López was phenomenal, magnificent and everything in between. He struck out a career-high 14 batters across eight scoreless innings. He didn't issue any walks and gave up only two hits, receiving a standing ovation from the Target Field crowd after he completed his final inning.

The only thing López was unable to do was provide himself with run support. Twins reliever Griffin Jax surrendered a two-run double to DJ Stewart in the ninth inning, and it spoiled a milestone start from López in a 2-0 loss to the Mets.

"Even he, I'm sure, isn't going to be celebrating it the way that it probably should be celebrated," Twins manager Rocco Baldelli said. "It was just beyond dominant."

Jax gave up a leadoff bloop double to Francisco Lindor, the Mets' first hit since the third inning, and he hit the next batter.
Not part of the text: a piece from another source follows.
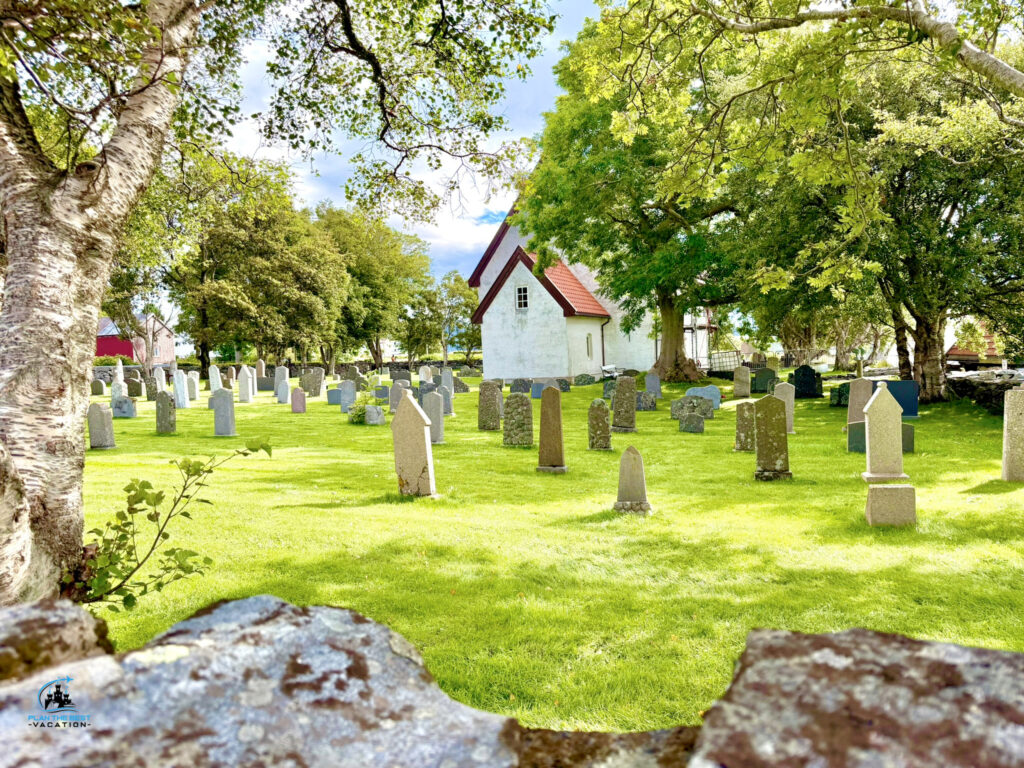 Island of Giske church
After Jax struck out Pete Alonso, his full-count slider to Stewart in a nine-pitch at-bat was lined into the right-center field gap to break a scoreless deadlock.
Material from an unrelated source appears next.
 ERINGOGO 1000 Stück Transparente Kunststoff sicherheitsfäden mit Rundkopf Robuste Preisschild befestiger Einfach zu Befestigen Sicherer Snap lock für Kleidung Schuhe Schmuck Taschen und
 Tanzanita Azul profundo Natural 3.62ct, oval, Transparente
It was a cruel twist for López, who allowed only four baserunners in his brilliant outing. He retired his final 10 batters and 16 of his last 17. He hit two batters, but he reached only one three-ball count.

When López chatted with other Twins starters afterward, he remarked that they can make 32 starts in a season, but there are only a few outings in which they have full command of all their pitches. Sunday was one of those days. He struck out seven batters with his fastball, five with his slider, one with his changeup and one with his curveball.

It was the most strikeouts by a Twins pitcher since Francisco Liriano struck out 15 in an eight-inning start against the Oakland Athletics on July 13, 2012.

"You go back to last year, and the 2022 Mets definitely did very good against me," said López, who entered with a 6.32 ERA in 11 career starts against the Mets. "Obviously, it's 2023. It's a new team. It's a new me. I'm a new pitcher. I worked on a lot of things to try to be better than I was, even better than I was five days ago."

López became the ninth Twins pitcher to record 200 strikeouts in a season with his first strikeout Sunday, joining José Berríos, Liriano, Johan Santana, Bert Blyleven, Dean Chance, Dave Boswell, Jim Kaat and Camilo Pascual.

Growing up in Venezuela, López has vivid memories of watching Santana dominate lineups like he did to the Mets.

"Anytime my name is next to Santana in any way, any category, anything, it means a lot to me," López said. "I grew up idolizing him when he was doing his thing. I'm just happy, proud. It means a lot to be a Twin. That's the uniform he wore for a really long time."

Twins hitters had their chances to back López, but they went 0-for-10 with runners in scoring position.

A baserunning mistake from Edouard Julien kept the Twins from loading the bases for Royce Lewis in the third inning. Julien was on first base, with Willi Castro at second, when Alex Kirilloff lined a ball into left field and Mets left fielder Jeff McNeil trapped the ball on a sliding attempt. Castro advanced to third, but Julien misread the play and was thrown out at second. Lewis followed with an inning-ending groundout.

"Not our greatest baserunning moment right there," Baldelli said. "It didn't end the inning, but it makes it a lot tougher to score. We would have been in a real good spot."